*** Data listing ***

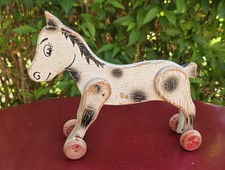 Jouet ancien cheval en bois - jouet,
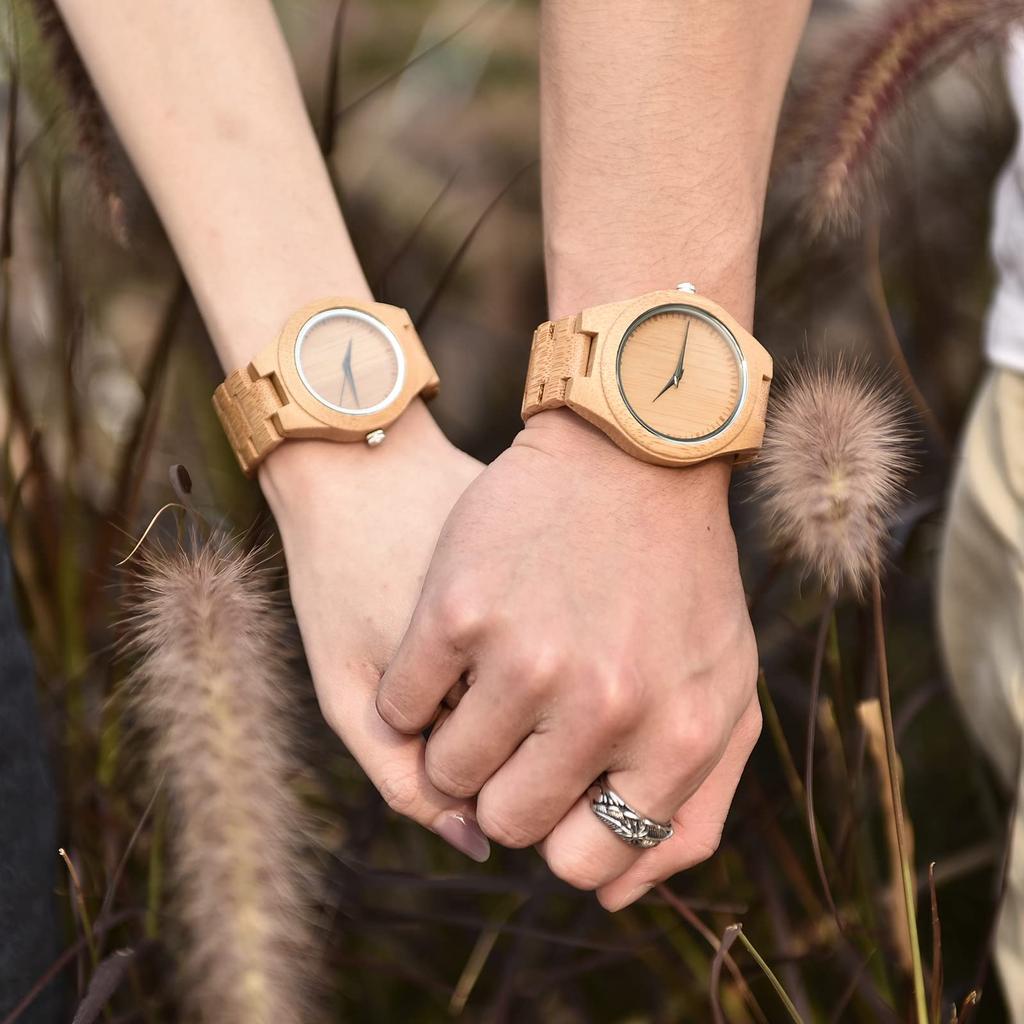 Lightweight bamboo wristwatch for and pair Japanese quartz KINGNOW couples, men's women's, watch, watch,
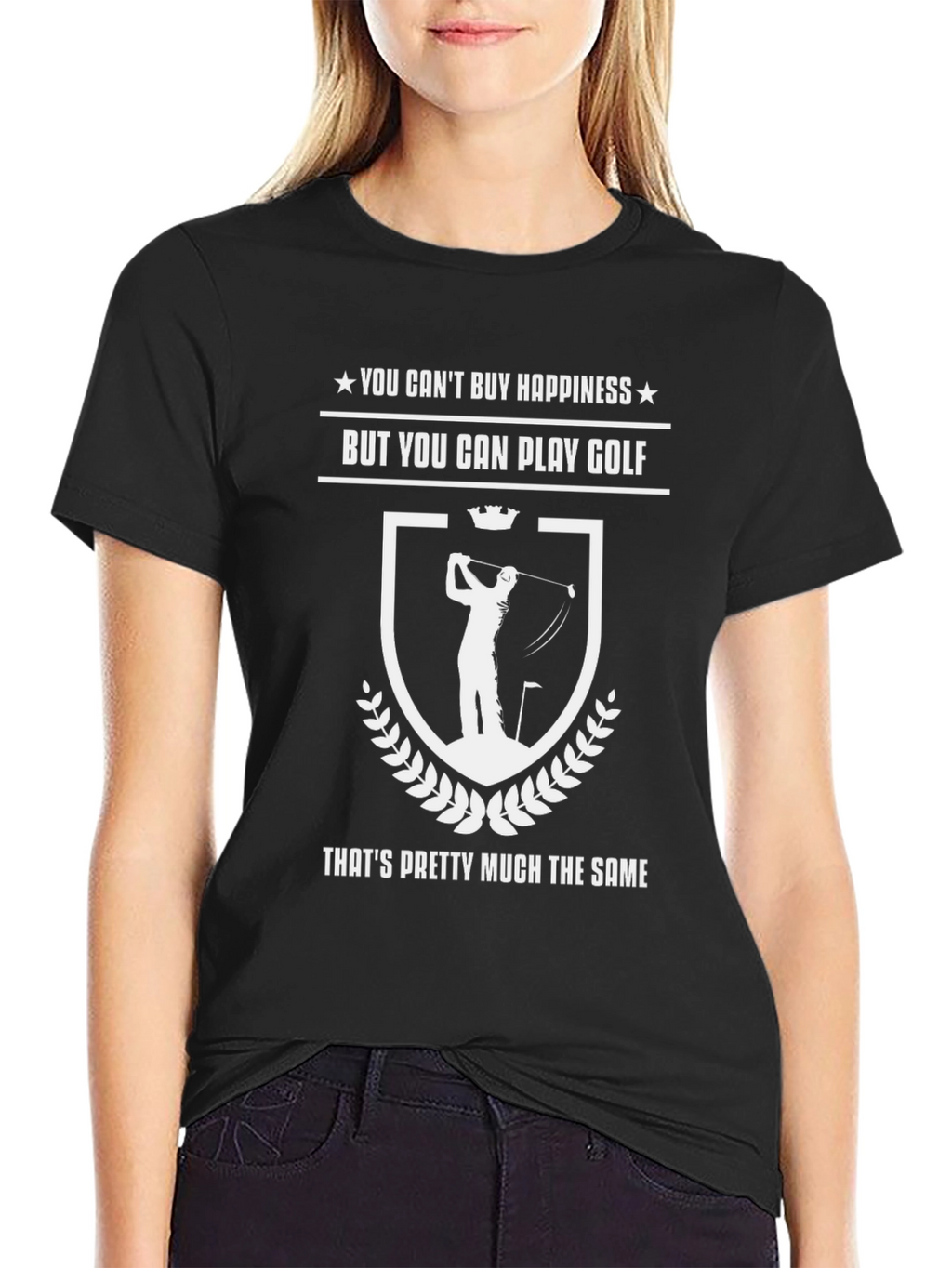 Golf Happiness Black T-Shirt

*** End of Data listing ***
*** Data listing ***

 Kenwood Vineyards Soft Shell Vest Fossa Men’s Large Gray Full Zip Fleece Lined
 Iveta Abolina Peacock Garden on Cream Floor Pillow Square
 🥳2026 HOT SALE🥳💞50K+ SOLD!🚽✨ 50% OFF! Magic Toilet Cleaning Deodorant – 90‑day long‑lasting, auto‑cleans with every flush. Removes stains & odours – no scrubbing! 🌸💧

*** End of Data listing ***

Begin at the line above that has "Kenwood Vineyards Soft" and stop after the line that has "no scrubbing! 🌸💧", copying each line exactly and adding nothing else.

 Kenwood Vineyards Soft Shell Vest Fossa Men’s Large Gray Full Zip Fleece Lined
 Iveta Abolina Peacock Garden on Cream Floor Pillow Square
 🥳2026 HOT SALE🥳💞50K+ SOLD!🚽✨ 50% OFF! Magic Toilet Cleaning Deodorant – 90‑day long‑lasting, auto‑cleans with every flush. Removes stains & odours – no scrubbing! 🌸💧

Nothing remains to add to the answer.